(INFORMATION SUPPLIED)

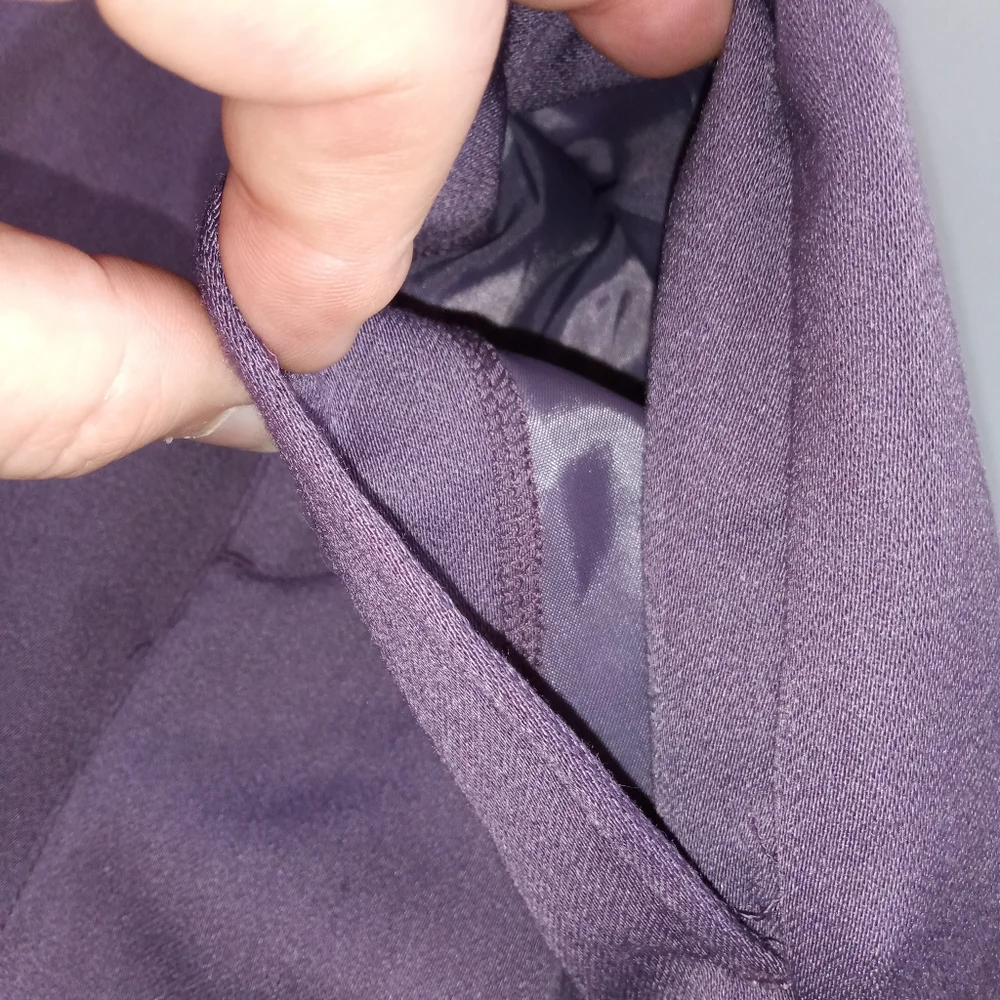 Elegant Purple Women's Trousers - Picture 10 of 11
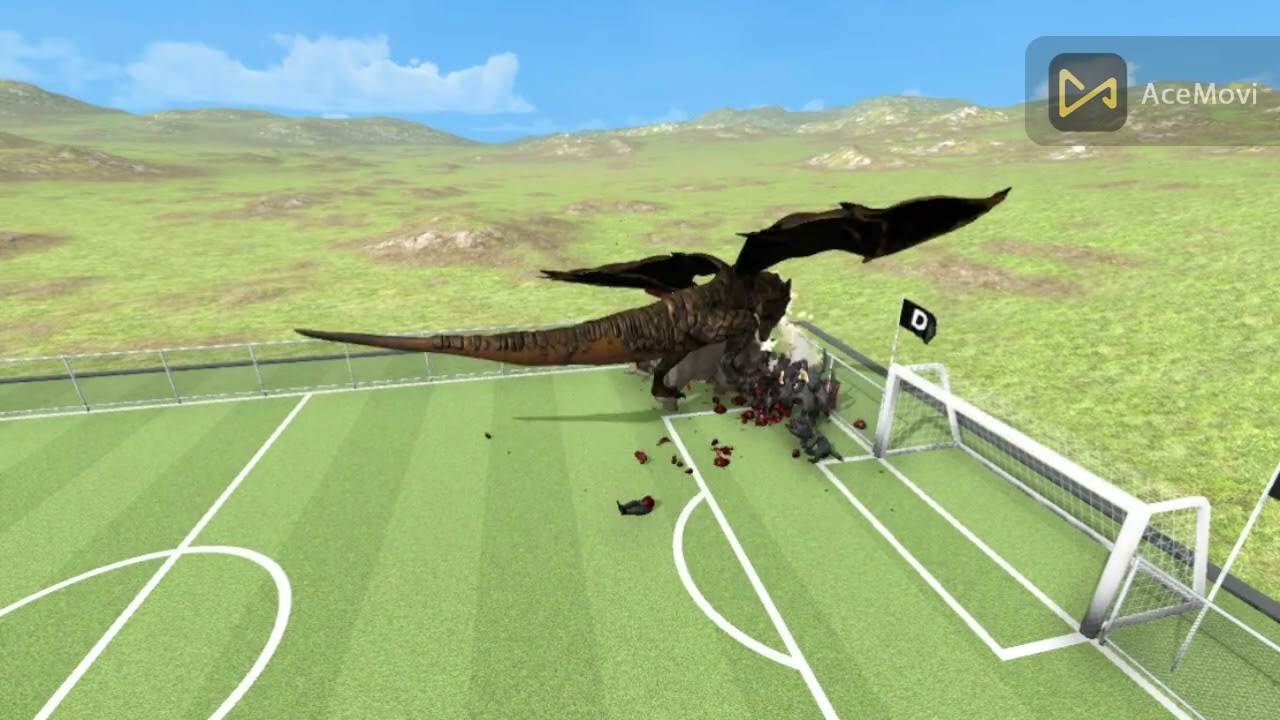 Gorillas and Elephants vs Dragon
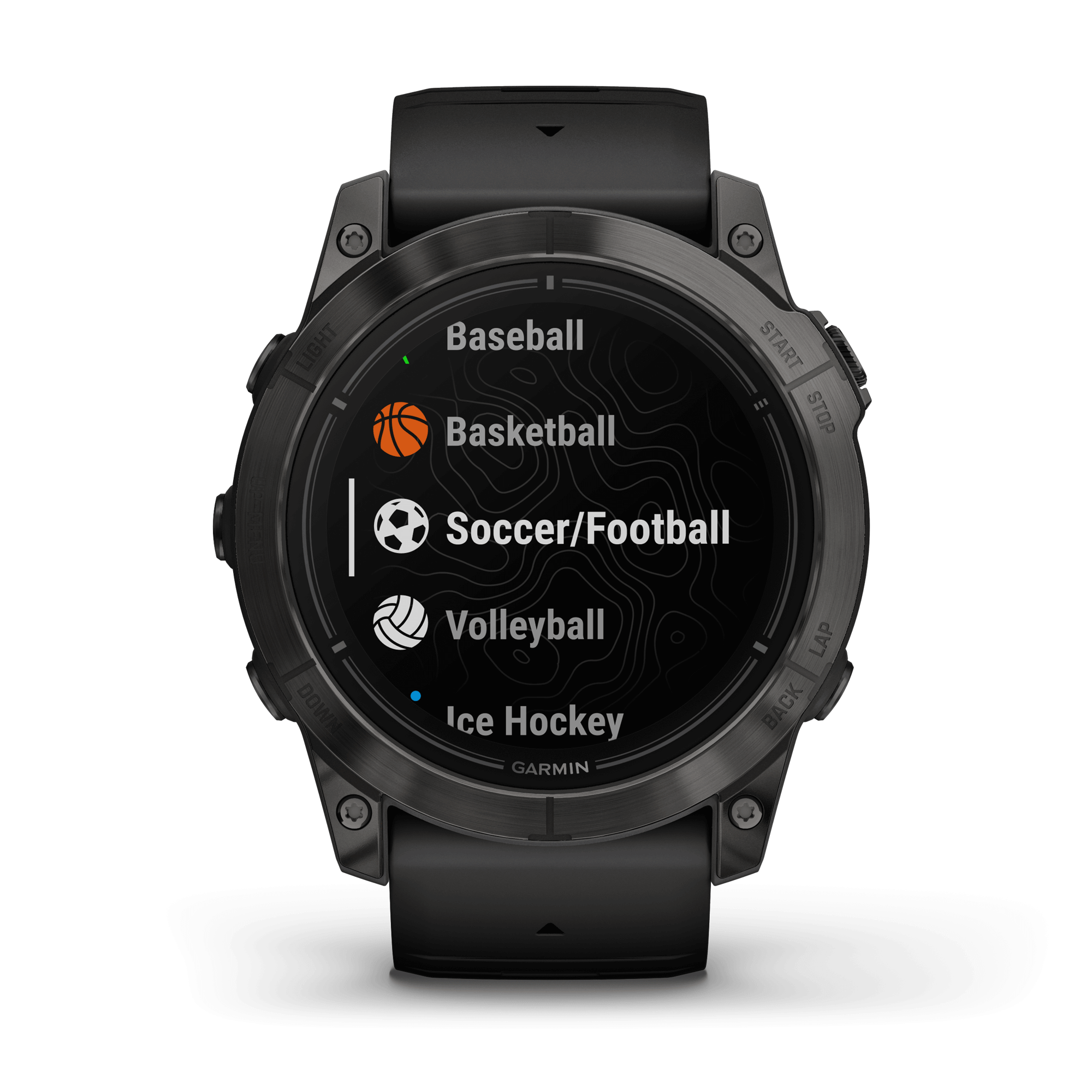 Montre Garmin Epix Pro (Gen2) Sapphire Edition Titane Carbon Gray DLC bracelet silicone noir 51 mm 010-02804-01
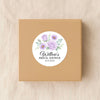 Personalised Lilac Rose & Daisy Bridal Shower Stickers – Custom Name & Date – Watercolour Floral Favour Labels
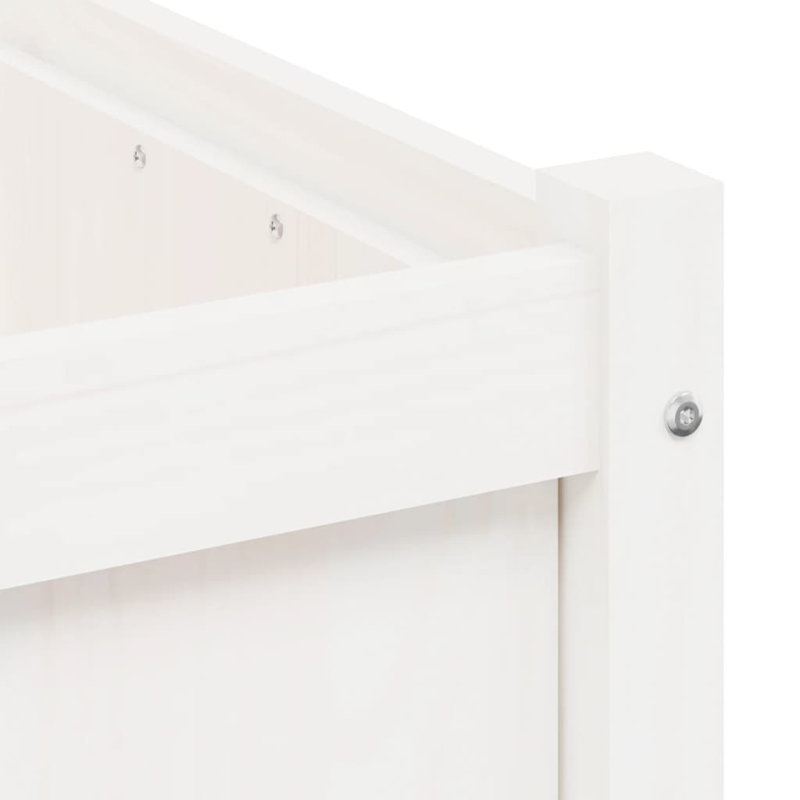 Wooden Kogut Flower Box, White, 2, 19.7" H X 19.7" W X 19.7" D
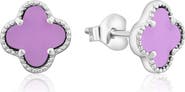 Donatello Gian Sterling Silver Clover Stud Earrings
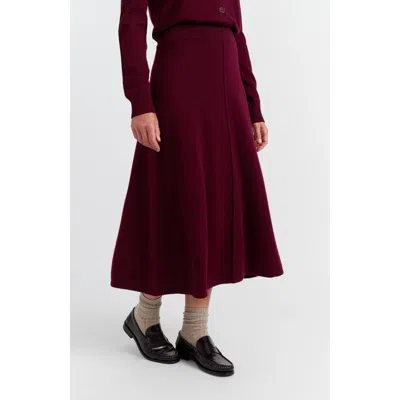 CHINTI & PARKER CHINTI & PARKER WOOL CASHMERE MIDI SKIRT
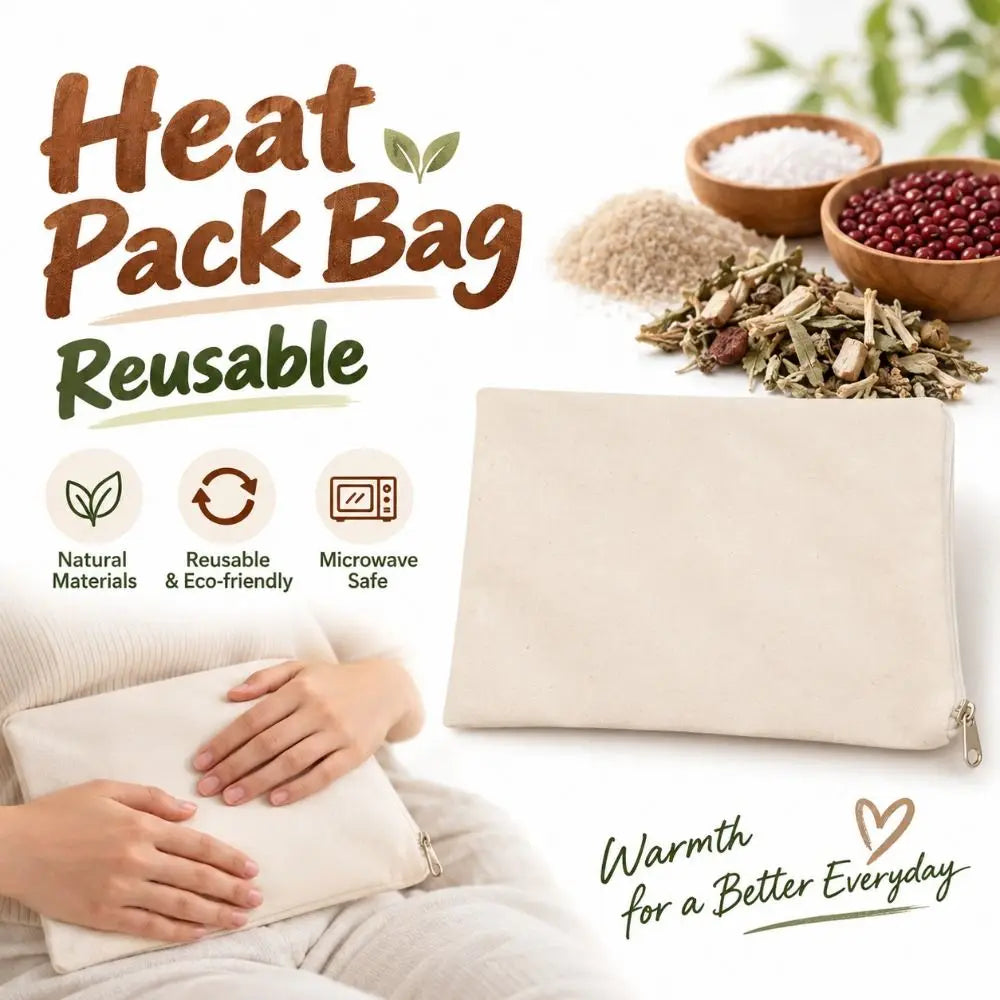 Reusable Fillable Cotton Heating Pad Bag | Zipper Warming Pouch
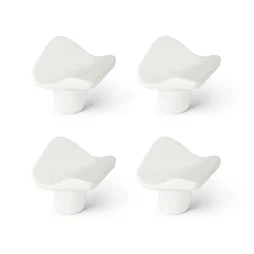 Boutons de meuble Figuré, zamak blanc verni X4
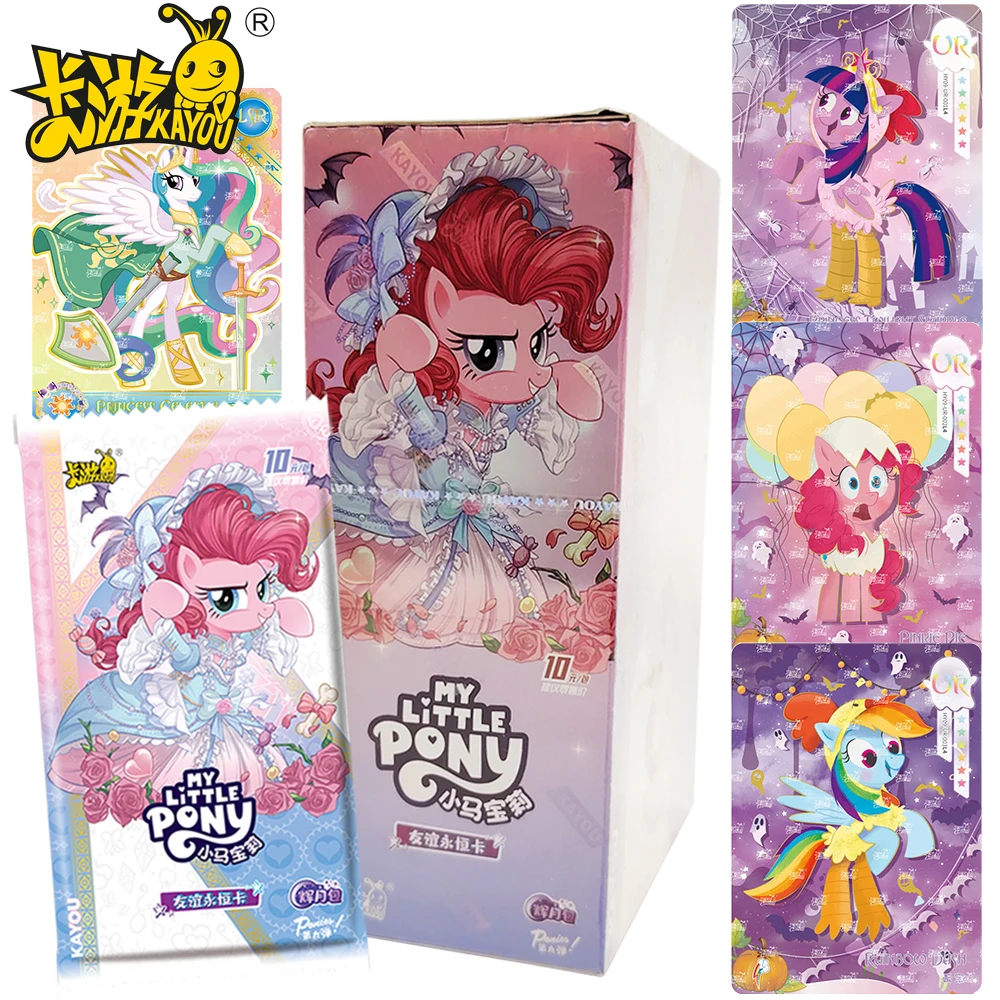 

KAYOU оригинальная коллекционная карта My Little Pony, любимая милая мультяшная звезда для фанатов, флаттершай, Pinkie Pie, редкая карта, забавные семейные подарки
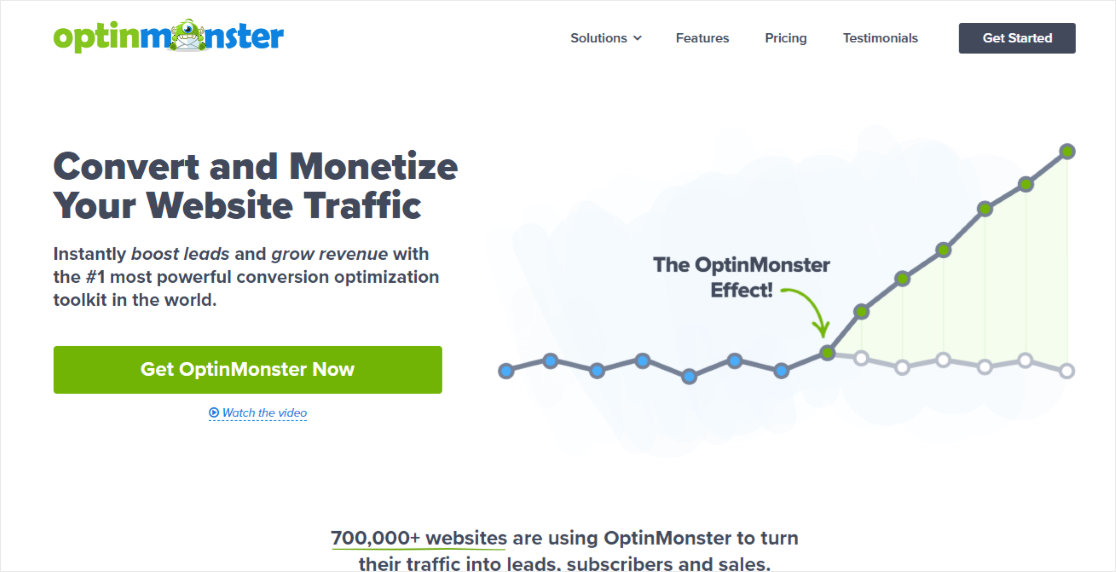 OptinMonster هو أفضل مكون إضافي للتسويق عبر البريد الإلكتروني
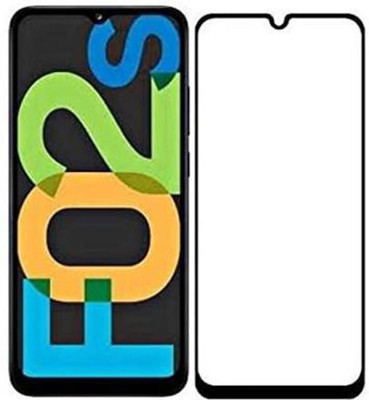 DMJHP Edge To Edge Tempered Glass for Samsung Galaxy F02s(Pack of 1)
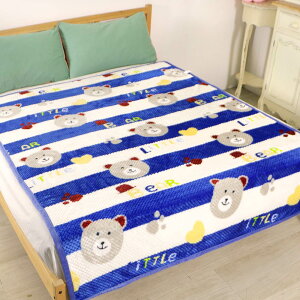 床之戀 貝貝絨立體紋路法蘭絨四季毯-可愛熊(MG0152C)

(End INFORMATION SUPPLIED)

WHAT TO DO » Keep the pictures out, and write out the rest of the data above word for word.

SOLVED PROBLEM »
 Elegant Purple Women's Trousers - Picture 10 of 11
 Gorillas and Elephants vs Dragon
 Montre Garmin Epix Pro (Gen2) Sapphire Edition Titane Carbon Gray DLC bracelet silicone noir 51 mm 010-02804-01
 Personalised Lilac Rose & Daisy Bridal Shower Stickers – Custom Name & Date – Watercolour Floral Favour Labels
 Wooden Kogut Flower Box, White, 2, 19.7" H X 19.7" W X 19.7" D
 Donatello Gian Sterling Silver Clover Stud Earrings
 CHINTI & PARKER CHINTI & PARKER WOOL CASHMERE MIDI SKIRT
 Reusable Fillable Cotton Heating Pad Bag | Zipper Warming Pouch
 Boutons de meuble Figuré, zamak blanc verni X4

KAYOU оригинальная коллекционная карта My Little Pony, любимая милая мультяшная звезда для фанатов, флаттершай, Pinkie Pie, редкая карта, забавные семейные подарки
 OptinMonster هو أفضل مكون إضافي للتسويق عبر البريد الإلكتروني
 DMJHP Edge To Edge Tempered Glass for Samsung Galaxy F02s(Pack of 1)
 床之戀 貝貝絨立體紋路法蘭絨四季毯-可愛熊(MG0152C)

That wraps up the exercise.